**What to do:** Can you copy out the data exactly? Leave the images out.

**Supplied information:**
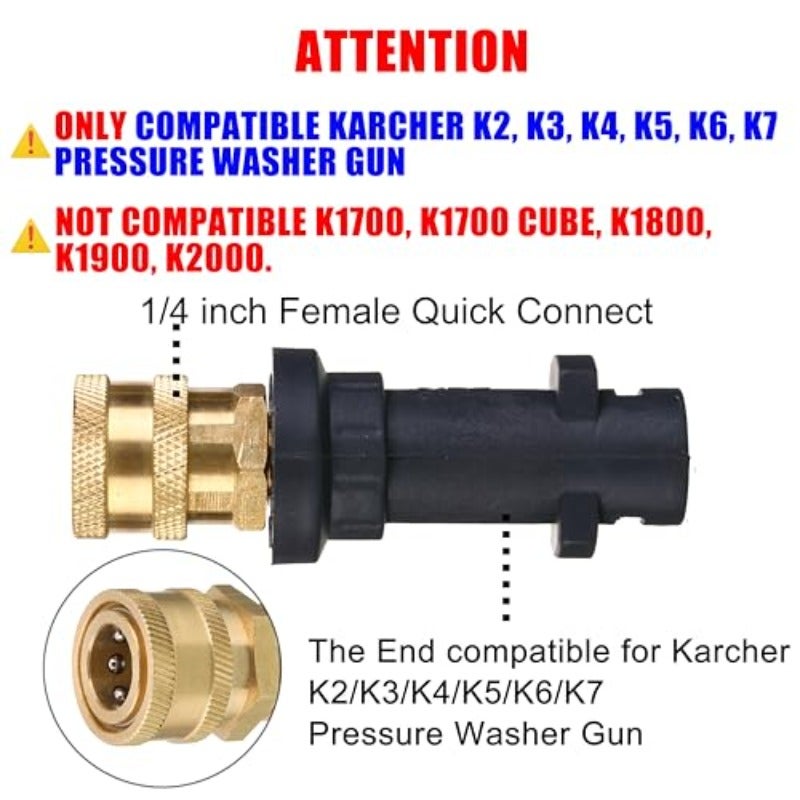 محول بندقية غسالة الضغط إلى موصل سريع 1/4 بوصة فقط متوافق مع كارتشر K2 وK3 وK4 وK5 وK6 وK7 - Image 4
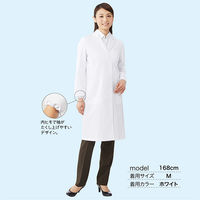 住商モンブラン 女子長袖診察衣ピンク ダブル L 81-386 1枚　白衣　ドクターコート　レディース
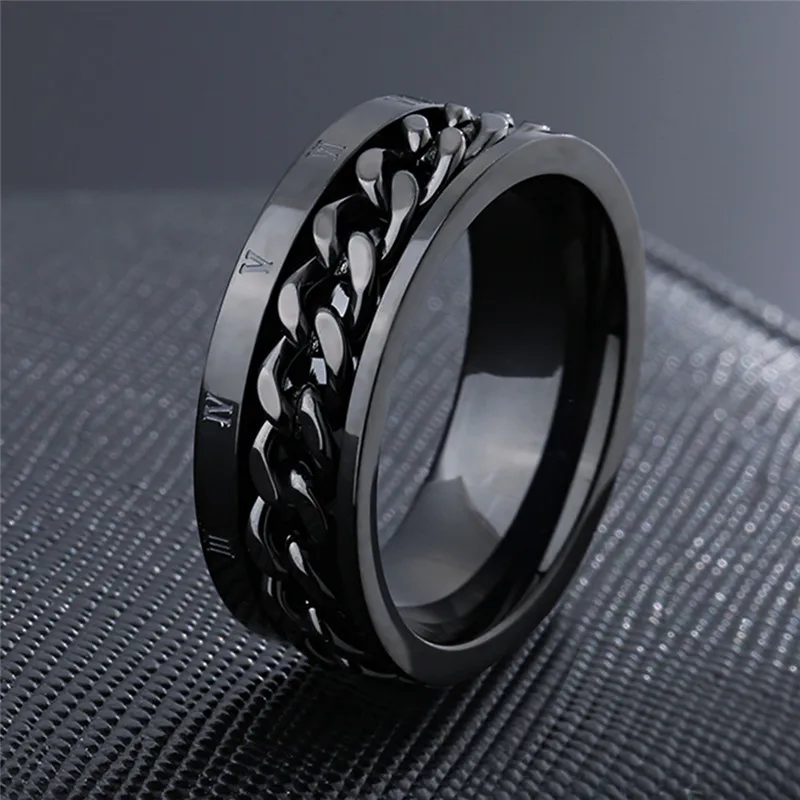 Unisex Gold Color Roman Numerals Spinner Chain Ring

**Expected answer:**
 محول بندقية غسالة الضغط إلى موصل سريع 1/4 بوصة فقط متوافق مع كارتشر K2 وK3 وK4 وK5 وK6 وK7 - Image 4
 住商モンブラン 女子長袖診察衣ピンク ダブル L 81-386 1枚　白衣　ドクターコート　レディース
 Unisex Gold Color Roman Numerals Spinner Chain Ring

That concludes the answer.